John Longworth joined Julia Hartley-Brewer on the talkRADIO breakfast show to discuss the temporary shutdown of the car plant, and said: “All they’ve [BMW] have done is bring forward the normal period of shutdown for refurbishment.
“It’s a prudent thing to do, but it’s been manipulated into a Brexit-bashing story.”
BMW said essential updating will start on April 1 at the site in Cowley, near Oxford, and last several weeks.
'Minimise risk of disruption'
A statement said: "Planned annual maintenance periods at BMW Group production sites allow essential updating and equipment replacement to be completed over several weeks, while there is no production taking place.
"As a responsible organisation, we have scheduled next year's annual maintenance period at Mini Plant Oxford to start on 1 April, when the UK exits the EU, to minimise the risk of any possible short-term parts-supply disruption in the event of a no-deal Brexit.
"While we believe this worst case scenario is an unlikely outcome, we have to plan for it.
"We remain committed to our operations in Britain, which is the only country in the world where we manufacture for all three of our automotive brands."
'No Project Fear predictions after referendum came true'
“I think it’s worth remembering that all of the Project Fear predictions that were made regarding the referendum itself, none of those came true,” Longworth said. “The economy is continuing to grow very well.”
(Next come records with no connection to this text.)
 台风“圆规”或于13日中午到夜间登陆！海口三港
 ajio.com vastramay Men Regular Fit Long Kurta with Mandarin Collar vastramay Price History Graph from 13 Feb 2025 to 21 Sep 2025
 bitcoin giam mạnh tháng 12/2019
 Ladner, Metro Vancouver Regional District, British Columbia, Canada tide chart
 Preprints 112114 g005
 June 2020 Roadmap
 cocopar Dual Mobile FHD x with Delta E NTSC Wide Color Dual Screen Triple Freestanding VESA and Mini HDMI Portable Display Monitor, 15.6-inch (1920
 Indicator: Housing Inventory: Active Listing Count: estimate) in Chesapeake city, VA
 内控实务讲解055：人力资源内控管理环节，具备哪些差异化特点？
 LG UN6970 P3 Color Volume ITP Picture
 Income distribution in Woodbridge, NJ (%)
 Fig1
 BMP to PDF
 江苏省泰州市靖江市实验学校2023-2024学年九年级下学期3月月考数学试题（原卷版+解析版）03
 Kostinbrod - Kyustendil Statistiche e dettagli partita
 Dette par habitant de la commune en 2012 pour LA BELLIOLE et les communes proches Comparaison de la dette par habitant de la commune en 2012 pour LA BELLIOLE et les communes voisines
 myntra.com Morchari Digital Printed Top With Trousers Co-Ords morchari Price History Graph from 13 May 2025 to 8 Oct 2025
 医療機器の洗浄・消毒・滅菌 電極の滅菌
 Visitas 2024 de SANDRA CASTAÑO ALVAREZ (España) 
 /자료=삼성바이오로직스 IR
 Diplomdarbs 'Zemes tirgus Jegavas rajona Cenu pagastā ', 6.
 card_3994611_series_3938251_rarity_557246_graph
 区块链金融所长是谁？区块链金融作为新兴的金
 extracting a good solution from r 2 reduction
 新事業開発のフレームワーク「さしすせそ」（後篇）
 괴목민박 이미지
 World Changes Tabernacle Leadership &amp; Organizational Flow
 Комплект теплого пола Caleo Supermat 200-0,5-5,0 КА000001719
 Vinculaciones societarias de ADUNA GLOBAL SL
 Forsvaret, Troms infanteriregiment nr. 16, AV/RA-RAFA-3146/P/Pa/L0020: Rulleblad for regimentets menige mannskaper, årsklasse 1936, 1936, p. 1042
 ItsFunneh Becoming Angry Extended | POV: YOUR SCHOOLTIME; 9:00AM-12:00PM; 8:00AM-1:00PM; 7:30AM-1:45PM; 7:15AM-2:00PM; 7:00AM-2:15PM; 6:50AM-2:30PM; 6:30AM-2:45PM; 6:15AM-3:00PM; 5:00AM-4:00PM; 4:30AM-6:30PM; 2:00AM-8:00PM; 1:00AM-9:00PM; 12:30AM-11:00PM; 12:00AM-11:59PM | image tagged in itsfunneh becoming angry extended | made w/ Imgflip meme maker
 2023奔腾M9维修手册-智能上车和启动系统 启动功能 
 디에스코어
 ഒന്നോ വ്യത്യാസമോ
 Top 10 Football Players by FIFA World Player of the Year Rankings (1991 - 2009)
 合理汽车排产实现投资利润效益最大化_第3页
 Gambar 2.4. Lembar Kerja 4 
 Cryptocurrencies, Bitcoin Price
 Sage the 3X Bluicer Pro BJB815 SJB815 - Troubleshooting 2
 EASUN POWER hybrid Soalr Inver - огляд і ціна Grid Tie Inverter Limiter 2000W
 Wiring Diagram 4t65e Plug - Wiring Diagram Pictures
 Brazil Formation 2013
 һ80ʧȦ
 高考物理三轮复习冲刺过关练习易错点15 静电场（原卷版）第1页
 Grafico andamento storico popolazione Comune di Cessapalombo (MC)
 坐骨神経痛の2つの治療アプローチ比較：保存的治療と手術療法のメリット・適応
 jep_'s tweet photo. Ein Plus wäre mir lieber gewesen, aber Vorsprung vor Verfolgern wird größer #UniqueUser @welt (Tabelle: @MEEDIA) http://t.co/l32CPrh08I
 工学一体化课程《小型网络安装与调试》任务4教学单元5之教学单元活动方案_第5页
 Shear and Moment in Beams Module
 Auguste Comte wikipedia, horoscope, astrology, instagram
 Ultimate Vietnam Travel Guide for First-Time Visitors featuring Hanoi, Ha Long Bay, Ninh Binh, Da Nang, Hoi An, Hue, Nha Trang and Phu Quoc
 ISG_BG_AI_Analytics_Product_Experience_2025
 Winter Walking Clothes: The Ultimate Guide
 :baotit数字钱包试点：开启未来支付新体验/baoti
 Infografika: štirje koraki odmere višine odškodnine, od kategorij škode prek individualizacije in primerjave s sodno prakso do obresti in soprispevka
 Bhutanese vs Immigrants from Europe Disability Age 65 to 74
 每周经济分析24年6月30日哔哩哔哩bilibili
“We’ve got slower growth than most of EU, though,” Hartley-Brewer challenged.
- Read more: Honda boss says no-deal Brexit will cost the car company 'tens of millions'
- Read more: Jaguar Land Rover warns of ‘horrifying’ results of hard Brexit
“That’s not true,” Longworth said. “We’ve got much lower levels of unemployment, we’re actually performing very well as a country. All those things have been proved not to be true, so you have to ask why we’d believe those things now.”
Statistics show that in 2016, the economy grew more than expected at a rate of 0.6% in the final quarter, despite predictions of a slump following the Brexit vote.
But in 2017, the UK fell behind other G7 nations and fell to its lowest growth rate since 2012, as quarterly growth fell to 0.4%.
The unemployment rate is currently 4%, down from 4.2% last September.
Motor industry fears
BMW's announcement follows warnings from the motor industry and trade unions about the impact of a no-deal Brexit.
Jaguar Land Rover announced that workers at its Castle Bromwich plant are to go on a three-day week.
A spokesman said: "In light of the continuing headwinds impacting the car industry, we are making some temporary adjustments to our production schedules at Castle Bromwich."
Honda said on Tuesday that a no-deal Brexit would cost it tens of millions of pounds.